I think a point could be made for shorter keywords. :)

lrhn avatar Sep 13 '22 08:09 lrhn

Could you make the word Record optional perhaps? Allowing both Record(int, int) and the shorter (int, int)? The latter would probably be used in most cases, but if you needed to precede it with an annotation (or some other ambiguous case comes up down the line) or you just wanted to be more explicit, you could write out the full Record.

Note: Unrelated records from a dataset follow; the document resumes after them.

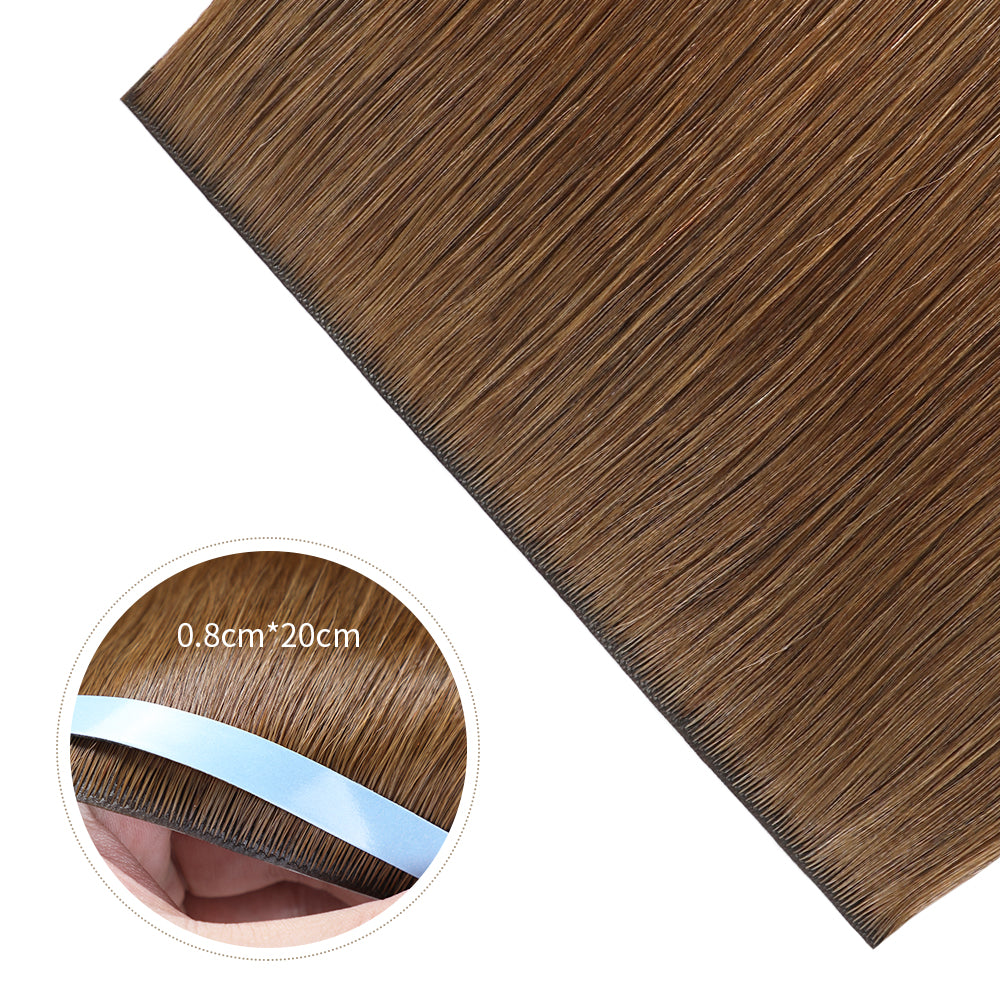 Close-up of Realmhair 20¡Á0.8cm invisible tape-in hair extensions in color #6 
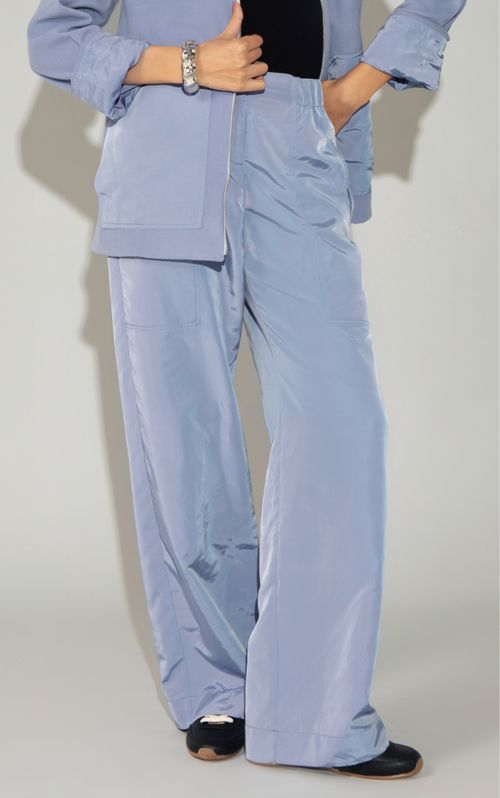 CALÇA RETA MEMORY AZUL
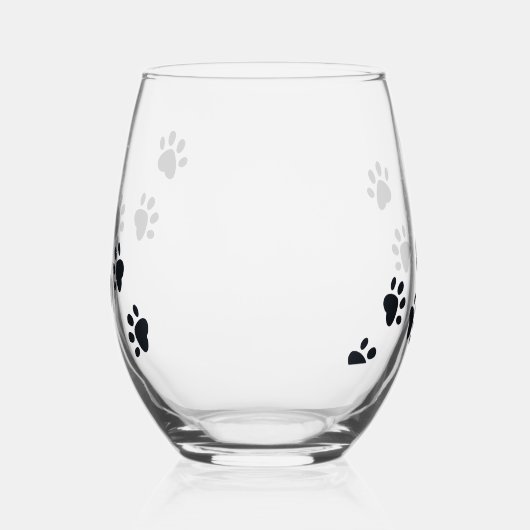 Paw Prints Design Stemless \ Wijnglas Wijnglas Zonder Voet (Rechts)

Jetz72 avatar Sep 13 '22 13:09 Jetz72

And I can't even typedef my way around it, because even with typedef Fn = Function, the int Function(int) syntax is a special syntactic form unrelated to the similarly named class, so the alias doesn't apply.

Could we fix this?

mateusfccp avatar Sep 13 '22 17:09 mateusfccp

I prefer the more concise syntax for records types. I agree with @lrhn that already Function is a bit verbose.

Compare:

Record(String, String) doSomething(Record(String, String) Function(Record(int, int), String Function(int)) transform) {
 return transform(((1, 2), (i) => '$i'));
}

with the current (with allowing Fn)

(String, String) doSomething((String, String) Fn((int, int), String Fn(int)) transform) {
...
}

Or:

doSomething(transform: ((int, int), int -> String) -> (String, String)) -> (String, String) {
...
}

With disallowing : for default named parameters I think @munificent hinted that would make it easier for types on the right, but that would be a hugely breaking change. Would that make it easier for optional semicolons and other requests though? :) One can hope.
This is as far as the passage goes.